» Problem to solve:
Every line of the listing must be repeated exactly.

» Data to examine:
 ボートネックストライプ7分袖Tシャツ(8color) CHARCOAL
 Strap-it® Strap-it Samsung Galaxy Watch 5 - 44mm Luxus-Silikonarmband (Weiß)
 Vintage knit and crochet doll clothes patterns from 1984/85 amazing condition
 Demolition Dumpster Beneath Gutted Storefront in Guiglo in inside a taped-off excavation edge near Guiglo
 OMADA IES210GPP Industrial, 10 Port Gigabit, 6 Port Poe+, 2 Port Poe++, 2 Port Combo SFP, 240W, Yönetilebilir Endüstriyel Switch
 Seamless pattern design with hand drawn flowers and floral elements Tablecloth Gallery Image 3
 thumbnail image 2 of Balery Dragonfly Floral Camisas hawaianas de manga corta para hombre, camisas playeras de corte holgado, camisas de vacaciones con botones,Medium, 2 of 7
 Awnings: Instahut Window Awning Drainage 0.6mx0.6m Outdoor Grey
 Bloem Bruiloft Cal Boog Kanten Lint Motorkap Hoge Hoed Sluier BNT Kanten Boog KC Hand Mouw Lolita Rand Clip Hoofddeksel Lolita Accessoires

» Completed task:
 ボートネックストライプ7分袖Tシャツ(8color) CHARCOAL
 Strap-it® Strap-it Samsung Galaxy Watch 5 - 44mm Luxus-Silikonarmband (Weiß)
 Vintage knit and crochet doll clothes patterns from 1984/85 amazing condition
 Demolition Dumpster Beneath Gutted Storefront in Guiglo in inside a taped-off excavation edge near Guiglo
 OMADA IES210GPP Industrial, 10 Port Gigabit, 6 Port Poe+, 2 Port Poe++, 2 Port Combo SFP, 240W, Yönetilebilir Endüstriyel Switch
 Seamless pattern design with hand drawn flowers and floral elements Tablecloth Gallery Image 3
 thumbnail image 2 of Balery Dragonfly Floral Camisas hawaianas de manga corta para hombre, camisas playeras de corte holgado, camisas de vacaciones con botones,Medium, 2 of 7
 Awnings: Instahut Window Awning Drainage 0.6mx0.6m Outdoor Grey
 Bloem Bruiloft Cal Boog Kanten Lint Motorkap Hoge Hoed Sluier BNT Kanten Boog KC Hand Mouw Lolita Rand Clip Hoofddeksel Lolita Accessoires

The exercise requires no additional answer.